Wakil Ketua Dewan Perwakilan Rakyat (DPR) RI, Sari Yuliati, menegaskan komitmennya untuk memperjuangkan aspirasi ribuan guru madrasah swasta agar dapat diangkat menjadi Pegawai Pemerintah dengan Perjanjian Kerja (PPPK). Penegasan ini disampaikan Sari Yuliati setelah menerima langsung demonstrasi damai dari para guru.
“Saya menerima langsung demonstrasi damai guru madrasah swasta. Mereka adalah keluarga besar saya. Saya juga pernah bersekolah di madrasah, jadi saya memahami betul perasaan mereka,” ujar Sari Yuliati dalam kegiatan Safari Ramadhan bersama Keluarga Besar Kantor Wilayah Kementerian Agama Nusa Tenggara Barat (NTB) pada Sabtu malam.
Komitmen tersebut, menurut Sari, bukan sekadar basa-basi. Ia bahkan memimpin langsung pertemuan dengan perwakilan guru madrasah swasta se-Indonesia di Gedung DPR RI. Aspirasi utama yang disampaikan berkaitan dengan tuntutan pengangkatan guru madrasah swasta menjadi PPPK serta perbaikan sistem pembayaran tunjangan profesi guru.
Dari pertemuan tersebut, DPR memberikan dukungan afirmatif terhadap tuntutan pengangkatan guru madrasah swasta menjadi PPPK. Namun, Sari Yuliati menjelaskan bahwa proses ini memerlukan koordinasi lintas kementerian dan lembaga, termasuk Kementerian Agama, Kementerian Pendayagunaan Aparatur Negara dan Reformasi Birokrasi (KemenPAN-RB), Badan Kepegawaian Negara (BKN), dan Kementerian Keuangan.

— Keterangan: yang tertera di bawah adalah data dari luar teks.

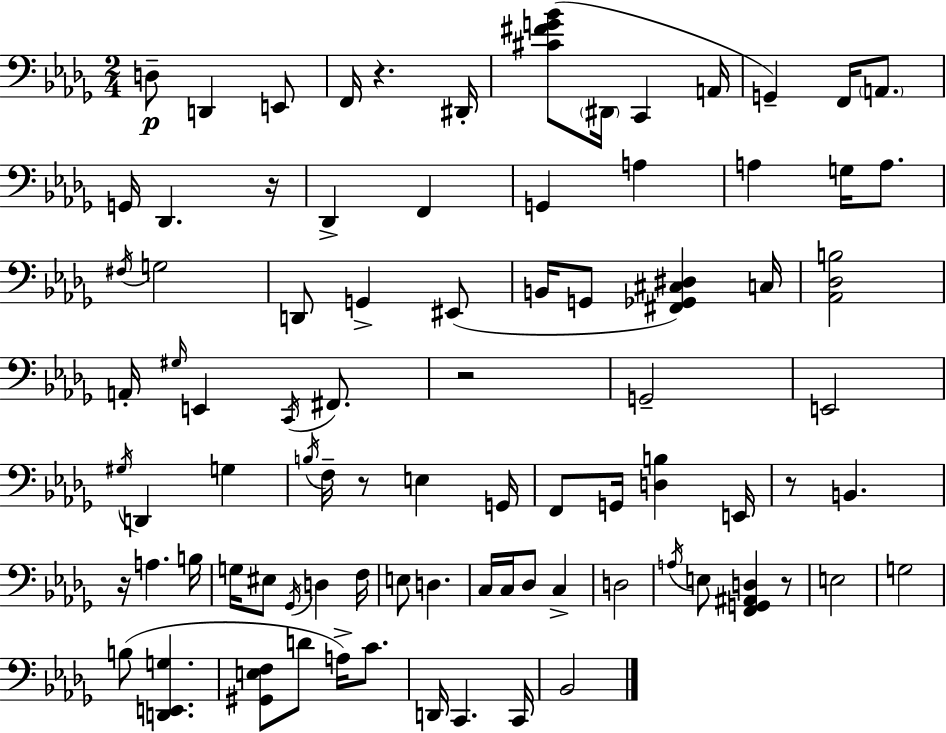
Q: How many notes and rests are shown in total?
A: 86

“Jadi, tidak bisa kami sendirian. Perlu koordinasi lintas sektor dengan pemerintah,” ucapnya.
Sari Yuliati menambahkan, DPR telah mendorong Kementerian Agama untuk segera mengoordinasikan rapat bersama kementerian dan lembaga terkait guna mempercepat realisasi kebijakan tersebut. Ia bahkan menyatakan kesiapannya untuk mengambil alih koordinasi apabila diperlukan.
Selain pengangkatan PPPK, isu pembayaran tunjangan profesi guru juga menjadi perhatian serius. Anggota DPR Dapil Nusa Tenggara Barat 2 Pulau Lombok ini mengungkapkan bahwa berdasarkan penjelasan Direktorat Jenderal Pendidikan Islam, kebijakan tersebut secara politik dan anggaran telah tersedia.
“Berdasarkan penjelasan Direktorat Jenderal Pendidikan Islam, secara politik dan anggaran kebijakan tersebut telah tersedia, hanya diperlukan percepatan teknis implementasi,” katanya.
Menindaklanjuti arahan tersebut, Kepala Kantor Wilayah Kementerian Agama NTB, Zamroni Aziz, menyatakan kesiapannya untuk mengusulkan para guru madrasah swasta di NTB agar dapat diangkat menjadi PPPK. Pihaknya telah berkoordinasi dengan Direktorat Jenderal Pendidikan Islam (Dirjen Pendis) dan Sekretaris Jenderal (Sekjen) Kementerian Agama.
“Kami sudah berkoordinasi dengan Dirjen Pendis dan Sekjen Kemenag untuk menyiapkan data yang akan diajukan ke Kemenpan RB, BKN, dan Kementerian Keuangan. Aspirasi guru madrasah swasta ini sedang dalam proses pembahasan,” kata Zamroni Aziz.
Zamroni Aziz menyebutkan, di Pulau Lombok saja terdapat lebih dari 2.000 madrasah, baik negeri maupun swasta. Setiap madrasah diperkirakan memiliki 10 hingga 15 guru swasta. “Kami kalkulasi bisa mencapai sekitar 25.000 hingga 35.000 orang. Sebagian besar telah tersertifikasi dan inpassing,” pungkasnya.